Cryptocurrency is no longer on the sidelines; it has entered the global mainstream, directly impacting luxury properties. Multiple real estate developers have come up with property listings for payments in digital currencies like Bitcoin. Even several buyers have attempted to convert digital assets into actual properties. The cryptocurrency wave in global real estate has touched new highs in the last few months. There is sizable interest in purchasing and selling property via NFTs or Non-fungible tokens.
NFTs are digital tokens bought with cryptocurrency, and these give secure and complete ownership of any digital asset through blockchain. Ownership can then be monitored publicly and sold if the price increases due to speculation.

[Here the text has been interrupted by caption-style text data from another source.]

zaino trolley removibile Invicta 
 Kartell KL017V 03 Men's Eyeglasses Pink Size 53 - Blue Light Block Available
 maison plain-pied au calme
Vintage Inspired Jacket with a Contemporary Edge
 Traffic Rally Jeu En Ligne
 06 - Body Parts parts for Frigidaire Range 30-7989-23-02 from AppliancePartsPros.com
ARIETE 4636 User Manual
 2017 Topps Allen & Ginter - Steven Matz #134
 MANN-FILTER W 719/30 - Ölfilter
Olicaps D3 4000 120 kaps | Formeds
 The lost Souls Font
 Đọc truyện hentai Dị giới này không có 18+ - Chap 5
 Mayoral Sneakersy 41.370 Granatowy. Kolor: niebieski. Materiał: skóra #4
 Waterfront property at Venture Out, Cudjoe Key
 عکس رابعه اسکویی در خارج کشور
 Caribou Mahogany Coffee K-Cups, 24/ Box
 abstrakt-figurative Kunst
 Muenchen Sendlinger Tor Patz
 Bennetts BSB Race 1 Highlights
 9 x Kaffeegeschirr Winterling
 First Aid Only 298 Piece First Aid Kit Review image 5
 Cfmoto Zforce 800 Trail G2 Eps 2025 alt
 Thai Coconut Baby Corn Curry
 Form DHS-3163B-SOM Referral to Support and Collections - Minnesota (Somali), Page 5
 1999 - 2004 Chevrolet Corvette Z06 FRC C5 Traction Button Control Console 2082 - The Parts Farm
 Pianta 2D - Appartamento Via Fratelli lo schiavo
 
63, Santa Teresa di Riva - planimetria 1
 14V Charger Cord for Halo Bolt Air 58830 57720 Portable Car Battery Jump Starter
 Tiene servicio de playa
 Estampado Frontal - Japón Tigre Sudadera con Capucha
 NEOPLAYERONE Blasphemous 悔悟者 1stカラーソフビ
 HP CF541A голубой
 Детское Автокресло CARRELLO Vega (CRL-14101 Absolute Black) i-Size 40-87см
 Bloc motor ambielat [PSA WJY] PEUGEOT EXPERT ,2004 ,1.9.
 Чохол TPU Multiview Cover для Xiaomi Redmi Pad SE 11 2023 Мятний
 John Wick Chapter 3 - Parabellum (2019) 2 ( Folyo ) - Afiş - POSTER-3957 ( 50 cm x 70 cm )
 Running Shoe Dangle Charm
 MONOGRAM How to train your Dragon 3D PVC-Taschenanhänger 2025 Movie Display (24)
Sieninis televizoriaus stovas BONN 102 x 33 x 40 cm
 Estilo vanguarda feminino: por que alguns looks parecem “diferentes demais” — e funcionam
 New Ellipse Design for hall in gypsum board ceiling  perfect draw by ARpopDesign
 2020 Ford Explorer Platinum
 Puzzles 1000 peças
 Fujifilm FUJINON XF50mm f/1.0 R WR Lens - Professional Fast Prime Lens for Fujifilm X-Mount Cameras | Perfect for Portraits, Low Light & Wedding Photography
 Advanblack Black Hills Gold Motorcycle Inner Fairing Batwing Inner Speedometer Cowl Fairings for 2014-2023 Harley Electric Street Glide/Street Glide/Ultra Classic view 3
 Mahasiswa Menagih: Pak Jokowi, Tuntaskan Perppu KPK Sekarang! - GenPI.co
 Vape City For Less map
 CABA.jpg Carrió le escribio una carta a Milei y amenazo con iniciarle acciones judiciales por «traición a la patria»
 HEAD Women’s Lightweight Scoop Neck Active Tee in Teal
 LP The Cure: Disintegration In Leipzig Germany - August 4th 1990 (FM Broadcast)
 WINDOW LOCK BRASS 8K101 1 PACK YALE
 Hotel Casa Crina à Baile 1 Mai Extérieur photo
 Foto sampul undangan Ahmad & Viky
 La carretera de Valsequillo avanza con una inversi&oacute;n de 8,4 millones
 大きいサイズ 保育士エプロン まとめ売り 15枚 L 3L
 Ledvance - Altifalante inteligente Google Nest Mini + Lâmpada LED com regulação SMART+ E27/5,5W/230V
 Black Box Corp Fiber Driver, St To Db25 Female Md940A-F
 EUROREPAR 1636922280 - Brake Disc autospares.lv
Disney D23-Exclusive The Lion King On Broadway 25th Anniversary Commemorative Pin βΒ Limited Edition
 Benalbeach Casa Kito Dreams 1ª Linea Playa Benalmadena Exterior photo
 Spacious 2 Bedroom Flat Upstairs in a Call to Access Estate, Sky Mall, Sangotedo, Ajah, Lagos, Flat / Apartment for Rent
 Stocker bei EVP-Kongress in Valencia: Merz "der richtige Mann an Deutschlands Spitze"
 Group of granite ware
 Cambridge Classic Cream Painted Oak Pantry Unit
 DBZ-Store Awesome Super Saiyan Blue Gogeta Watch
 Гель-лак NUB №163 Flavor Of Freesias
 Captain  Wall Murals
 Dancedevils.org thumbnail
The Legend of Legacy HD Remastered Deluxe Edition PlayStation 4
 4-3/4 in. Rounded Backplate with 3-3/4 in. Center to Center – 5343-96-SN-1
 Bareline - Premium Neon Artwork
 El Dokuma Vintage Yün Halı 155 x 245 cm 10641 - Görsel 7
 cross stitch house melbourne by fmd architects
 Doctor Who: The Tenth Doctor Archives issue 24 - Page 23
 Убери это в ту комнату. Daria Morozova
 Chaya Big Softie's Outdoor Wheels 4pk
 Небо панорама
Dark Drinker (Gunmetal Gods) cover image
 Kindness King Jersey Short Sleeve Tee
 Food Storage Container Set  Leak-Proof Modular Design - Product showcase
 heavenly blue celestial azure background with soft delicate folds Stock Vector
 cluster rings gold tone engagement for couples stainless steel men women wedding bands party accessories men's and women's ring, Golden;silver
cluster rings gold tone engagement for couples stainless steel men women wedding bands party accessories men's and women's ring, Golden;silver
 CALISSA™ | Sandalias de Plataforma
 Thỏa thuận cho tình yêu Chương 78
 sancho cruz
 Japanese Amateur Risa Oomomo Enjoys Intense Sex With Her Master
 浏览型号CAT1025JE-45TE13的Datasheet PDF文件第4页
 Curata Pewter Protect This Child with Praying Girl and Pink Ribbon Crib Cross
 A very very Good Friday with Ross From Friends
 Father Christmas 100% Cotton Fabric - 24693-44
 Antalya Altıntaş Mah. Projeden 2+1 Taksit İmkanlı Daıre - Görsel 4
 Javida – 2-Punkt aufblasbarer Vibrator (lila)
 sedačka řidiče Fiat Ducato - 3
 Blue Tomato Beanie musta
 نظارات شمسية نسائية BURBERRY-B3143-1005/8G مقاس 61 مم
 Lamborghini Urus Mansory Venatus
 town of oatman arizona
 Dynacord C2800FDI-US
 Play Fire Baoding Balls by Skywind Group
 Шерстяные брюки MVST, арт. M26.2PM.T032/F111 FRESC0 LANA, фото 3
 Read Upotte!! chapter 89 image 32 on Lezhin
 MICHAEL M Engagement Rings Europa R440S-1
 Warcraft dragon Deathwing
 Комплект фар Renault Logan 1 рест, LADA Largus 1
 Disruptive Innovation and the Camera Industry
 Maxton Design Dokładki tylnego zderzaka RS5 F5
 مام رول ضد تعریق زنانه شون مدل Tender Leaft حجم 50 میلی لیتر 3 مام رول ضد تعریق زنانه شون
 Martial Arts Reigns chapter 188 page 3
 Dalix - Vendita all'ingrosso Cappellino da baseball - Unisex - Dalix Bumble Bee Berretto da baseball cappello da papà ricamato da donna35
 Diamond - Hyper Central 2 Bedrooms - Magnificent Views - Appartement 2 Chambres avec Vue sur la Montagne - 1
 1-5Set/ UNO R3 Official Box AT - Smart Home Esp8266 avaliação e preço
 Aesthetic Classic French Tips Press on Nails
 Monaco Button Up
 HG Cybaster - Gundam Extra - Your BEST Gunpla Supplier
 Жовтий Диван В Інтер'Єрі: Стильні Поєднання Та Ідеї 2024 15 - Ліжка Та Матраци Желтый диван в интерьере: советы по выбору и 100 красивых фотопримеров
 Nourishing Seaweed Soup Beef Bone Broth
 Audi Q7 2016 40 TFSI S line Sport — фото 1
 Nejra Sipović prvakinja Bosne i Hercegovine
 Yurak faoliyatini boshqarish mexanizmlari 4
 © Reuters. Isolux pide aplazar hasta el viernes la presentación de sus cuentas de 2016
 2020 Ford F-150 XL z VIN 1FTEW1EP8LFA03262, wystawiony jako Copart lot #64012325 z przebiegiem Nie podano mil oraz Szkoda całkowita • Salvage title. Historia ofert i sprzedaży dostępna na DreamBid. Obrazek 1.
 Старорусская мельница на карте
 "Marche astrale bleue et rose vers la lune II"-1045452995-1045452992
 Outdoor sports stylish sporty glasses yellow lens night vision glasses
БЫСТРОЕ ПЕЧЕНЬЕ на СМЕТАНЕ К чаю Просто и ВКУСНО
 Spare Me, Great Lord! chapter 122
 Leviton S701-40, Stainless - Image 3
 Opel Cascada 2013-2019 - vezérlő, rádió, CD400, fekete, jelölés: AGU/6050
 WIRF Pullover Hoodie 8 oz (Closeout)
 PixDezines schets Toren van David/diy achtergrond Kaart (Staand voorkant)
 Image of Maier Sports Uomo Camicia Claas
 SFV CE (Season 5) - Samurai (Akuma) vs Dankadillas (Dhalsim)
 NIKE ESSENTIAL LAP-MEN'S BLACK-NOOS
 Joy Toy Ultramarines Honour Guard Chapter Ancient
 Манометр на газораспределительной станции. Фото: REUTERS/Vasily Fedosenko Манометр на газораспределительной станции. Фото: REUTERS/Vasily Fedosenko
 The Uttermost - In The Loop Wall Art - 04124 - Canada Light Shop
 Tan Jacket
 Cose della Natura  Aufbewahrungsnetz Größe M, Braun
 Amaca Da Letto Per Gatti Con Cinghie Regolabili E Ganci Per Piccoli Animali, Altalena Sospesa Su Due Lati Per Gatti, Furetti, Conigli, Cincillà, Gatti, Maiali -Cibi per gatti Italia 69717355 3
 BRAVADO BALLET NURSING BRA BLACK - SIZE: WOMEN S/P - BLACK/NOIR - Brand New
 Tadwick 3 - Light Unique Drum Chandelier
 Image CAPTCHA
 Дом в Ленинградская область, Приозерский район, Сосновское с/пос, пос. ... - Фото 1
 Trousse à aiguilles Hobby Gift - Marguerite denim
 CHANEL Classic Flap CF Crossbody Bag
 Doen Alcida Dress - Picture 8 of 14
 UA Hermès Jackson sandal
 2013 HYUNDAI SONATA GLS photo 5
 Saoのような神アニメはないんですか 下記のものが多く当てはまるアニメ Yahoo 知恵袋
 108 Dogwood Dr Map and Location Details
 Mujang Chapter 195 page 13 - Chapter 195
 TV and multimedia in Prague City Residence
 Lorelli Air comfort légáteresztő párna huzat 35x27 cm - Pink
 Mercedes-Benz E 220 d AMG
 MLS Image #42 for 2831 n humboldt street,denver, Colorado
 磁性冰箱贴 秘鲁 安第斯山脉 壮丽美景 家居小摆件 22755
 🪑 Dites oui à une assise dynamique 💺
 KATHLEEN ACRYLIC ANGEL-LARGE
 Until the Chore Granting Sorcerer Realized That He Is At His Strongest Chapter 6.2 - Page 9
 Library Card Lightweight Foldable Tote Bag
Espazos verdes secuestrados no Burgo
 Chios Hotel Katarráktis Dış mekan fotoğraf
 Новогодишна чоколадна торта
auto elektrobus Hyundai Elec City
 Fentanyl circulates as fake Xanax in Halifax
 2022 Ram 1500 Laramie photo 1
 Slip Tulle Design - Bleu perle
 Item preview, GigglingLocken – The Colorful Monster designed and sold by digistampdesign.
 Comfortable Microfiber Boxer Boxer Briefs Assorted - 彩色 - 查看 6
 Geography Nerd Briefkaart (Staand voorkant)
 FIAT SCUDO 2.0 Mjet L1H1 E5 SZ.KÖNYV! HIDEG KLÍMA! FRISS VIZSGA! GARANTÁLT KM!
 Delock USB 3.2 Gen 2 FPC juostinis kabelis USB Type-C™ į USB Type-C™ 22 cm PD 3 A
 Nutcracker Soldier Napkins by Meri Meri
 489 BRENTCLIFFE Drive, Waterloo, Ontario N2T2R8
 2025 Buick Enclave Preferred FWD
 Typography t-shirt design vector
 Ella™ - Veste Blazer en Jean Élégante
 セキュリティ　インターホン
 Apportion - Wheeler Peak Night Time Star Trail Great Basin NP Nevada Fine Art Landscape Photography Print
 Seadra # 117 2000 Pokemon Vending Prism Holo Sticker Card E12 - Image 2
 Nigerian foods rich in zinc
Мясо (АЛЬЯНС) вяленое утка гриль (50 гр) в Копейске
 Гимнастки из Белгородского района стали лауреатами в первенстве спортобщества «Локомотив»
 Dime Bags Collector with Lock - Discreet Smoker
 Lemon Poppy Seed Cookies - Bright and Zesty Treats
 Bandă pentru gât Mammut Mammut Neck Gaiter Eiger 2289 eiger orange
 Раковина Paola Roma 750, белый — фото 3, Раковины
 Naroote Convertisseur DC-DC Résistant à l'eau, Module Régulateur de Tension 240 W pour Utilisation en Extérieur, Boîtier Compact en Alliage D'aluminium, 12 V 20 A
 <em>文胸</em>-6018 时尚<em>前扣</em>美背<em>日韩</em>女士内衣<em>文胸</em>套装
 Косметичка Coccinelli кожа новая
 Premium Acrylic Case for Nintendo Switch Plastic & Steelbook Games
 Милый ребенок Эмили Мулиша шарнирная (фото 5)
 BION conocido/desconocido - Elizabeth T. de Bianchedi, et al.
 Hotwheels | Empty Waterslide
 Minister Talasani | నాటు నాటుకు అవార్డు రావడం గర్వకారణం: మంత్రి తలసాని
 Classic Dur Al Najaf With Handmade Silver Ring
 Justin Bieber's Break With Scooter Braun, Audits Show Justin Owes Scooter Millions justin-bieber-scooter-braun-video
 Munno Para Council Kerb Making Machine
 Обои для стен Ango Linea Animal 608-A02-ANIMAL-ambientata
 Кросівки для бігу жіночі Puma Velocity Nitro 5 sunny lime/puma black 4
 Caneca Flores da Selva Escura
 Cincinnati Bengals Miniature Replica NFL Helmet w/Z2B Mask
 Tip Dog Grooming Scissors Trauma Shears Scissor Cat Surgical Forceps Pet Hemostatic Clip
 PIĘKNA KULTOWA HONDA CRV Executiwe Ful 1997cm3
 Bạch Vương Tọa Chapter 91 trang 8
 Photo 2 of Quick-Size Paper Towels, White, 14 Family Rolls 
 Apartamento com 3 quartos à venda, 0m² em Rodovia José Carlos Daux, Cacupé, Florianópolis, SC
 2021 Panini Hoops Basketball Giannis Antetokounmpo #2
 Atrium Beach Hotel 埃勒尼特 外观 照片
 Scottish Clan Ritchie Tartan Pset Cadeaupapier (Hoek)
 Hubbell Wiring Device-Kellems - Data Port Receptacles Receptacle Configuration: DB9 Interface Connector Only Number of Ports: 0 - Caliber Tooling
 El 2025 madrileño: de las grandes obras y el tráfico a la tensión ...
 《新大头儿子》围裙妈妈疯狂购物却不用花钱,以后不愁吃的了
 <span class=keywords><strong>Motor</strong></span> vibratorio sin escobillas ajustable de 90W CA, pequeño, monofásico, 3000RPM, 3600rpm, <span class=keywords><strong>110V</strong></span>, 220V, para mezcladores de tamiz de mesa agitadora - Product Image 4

People are now buying digital music, art, collectables, and trading physical items via NFTs. Yet, it only works if the ownership title/contract links to the NFT in one way or another. Founder of TechCrunch, Michael Arrington, listed his apartment in Kyiv, Ukraine for sale sometime earlier in the form of a real estate-supported NFT via Propy, a well-known platform, after buying the same from Ethereum in the year 2017.
NFTs – The future of Real Estate
Cryptocurrency and the blockchain have made their way into many industries. And as more and more of our lives move into the digital arena, how we buy and sell products are continually changing. Real estate is seeing its own shift toward the blockchain by creating non-fungible tokens that represent physical properties. This technology will dramatically impact the future of the commercial real estate.
But just because NFTs are mainly used in the digital world doesn’t mean they can only be used for digital assets. NFTs can also represent ownership of physical items or real estate. An example of this could be fractional ownership. Homeowners could sell part of their property to a large number of small investors by issuing tokens on the blockchain. Investors could hold these tokens and receive a rental income for doing so, profit split on capital appreciation upon sale or both.
This could also allow people to buy and sell fractional ownership in rental properties, potentially in a liquid market without a middle man. This would open up the world of property investing to many more people and create better options for those that need to unlock equity without borrowing or moving.
In the past year, practical uses of NFTs have been popping up in the industry. Everything from building projects to lending is being tested as NFTs by various companies looking to improve processes and speed real estate transactions that the many layers of document verification can often complicate.